Bacow should tread carefully with student speech task force

Last year, the Committee on Student Life (CSL) found Tufts' conservative magazine The Primary Source guilty of harassing students with the publication of a satirical Christmas carol parody, entitled "O Come All Ye Black Folk," and a subsequent piece about Islamic extremism.

The committee ruled that the Primary Source would be required to print bylines on all of its articles, attaching a condition to the group's funding.

Dean of Undergraduate Education James Glaser, supported by President Lawrence Bacow, promptly reversed the decision on the grounds that student speech should not be subject to conditions. In an e-mail to the entire student body, Bacow concurred with Glaser's decision, arguing that "the appropriate response to offensive speech is more speech, not less."

That is why the statement Bacow made on Wednesday announcing the creation of a Task Force on Freedom of Expression at Tufts should leave students scratching their heads.

The stated charge of the task force is to both "preserve freedom of expression" and to "protect members of the community from harassment without defining it so broadly as to require the university to respond to offensive speech with administrative action," according to its description on Tufts.edu.

These goals, while admirable, draw a line too thin to be walked, and represent a clear step backwards from last year's well reasoned decision that the Primary Source would not be punished for the offending articles.

After studying issues of speech at Tufts - with specific attention paid to preventing harassment - the task force will present recommendations to the Board of Trustees, who will then choose whether or not to add policy regarding the freedom of speech.

The creation of a group devoted to forming such a policy is worrisome, as any new speech policy would put the regulation of speech at Tufts in the hands of the university - rather than allowing student speakers and publications to censor and regulate their own speech.

If the trustees decide on a policy that enshrines free speech further in the Tufts community, the practical change would be minimal; organizations like the Primary Source would still be permitted to publish even unpopular or offensive material without facing punishment. Given Bacow's and Glaser's rejection of the CSL decision, this will be the case even without a new speech policy.

But a policy that serves to "protect members of the community from harassment" as a response to the CSL decision could potentially open the door to regulation or even censorship of student speech - now backed by the authority of university policy rather than the small group of faculty members that make up the CSL.
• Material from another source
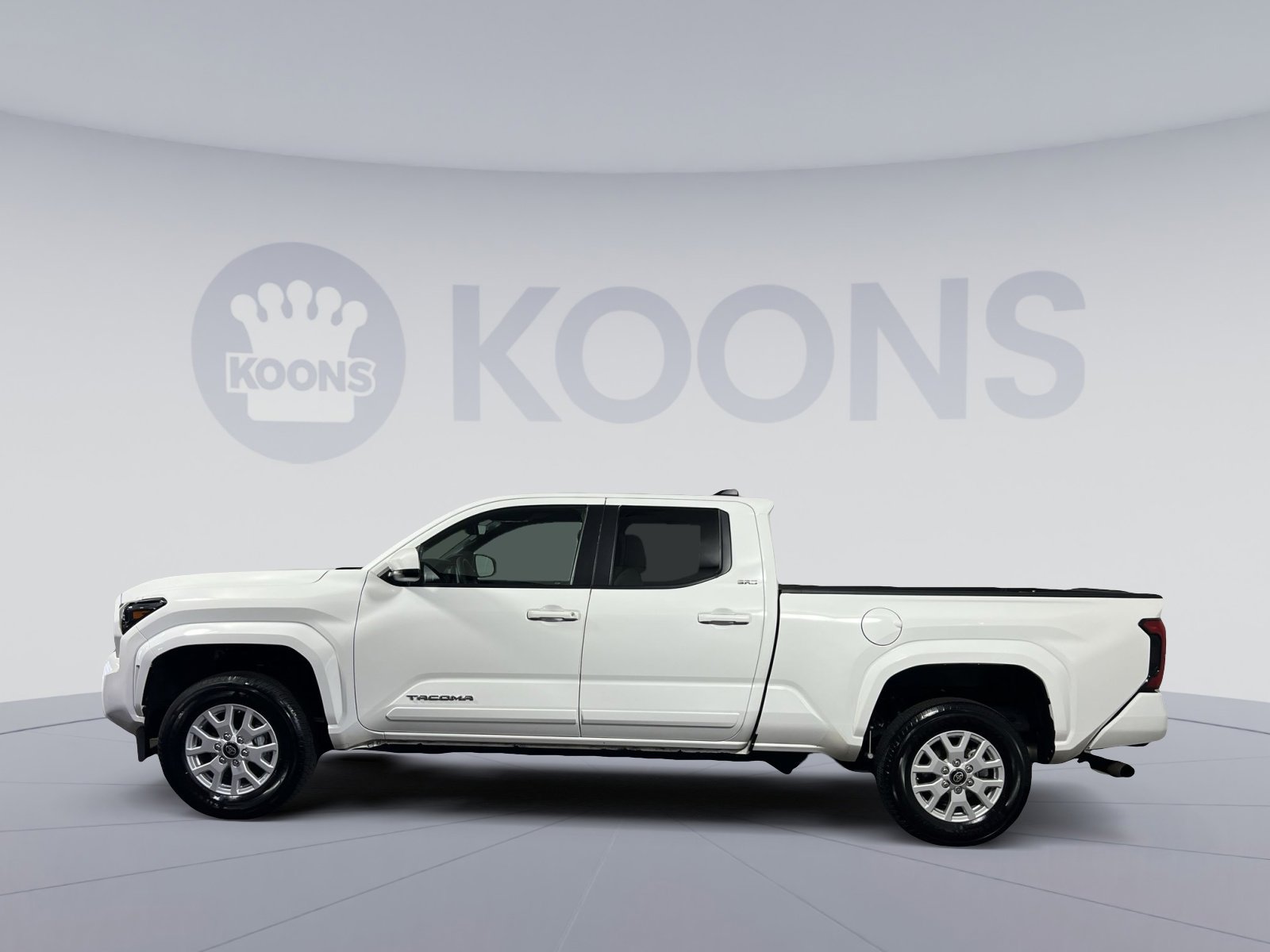Used 2024 Toyota Tacoma SR5 image 2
If Tufts seeks to protect unpopular voices rather than marginalize them, it should move toward less university involvement in the regulation of speech at Tufts - not more.

To Bacow's credit, he seems to personally understand the value of free speech on campus - after all, he did not see the Primary Source's controversial articles, which he described in an e-mail to the student body as personally "offensive," as a justification for limiting their speech. He opted instead to protect their right to express themselves even when it was in poor taste, and the new task force appears to be a well meaning extension of that philosophy.

Bacow's intentions here are good, but he should be sure to tread carefully as he seeks to execute them.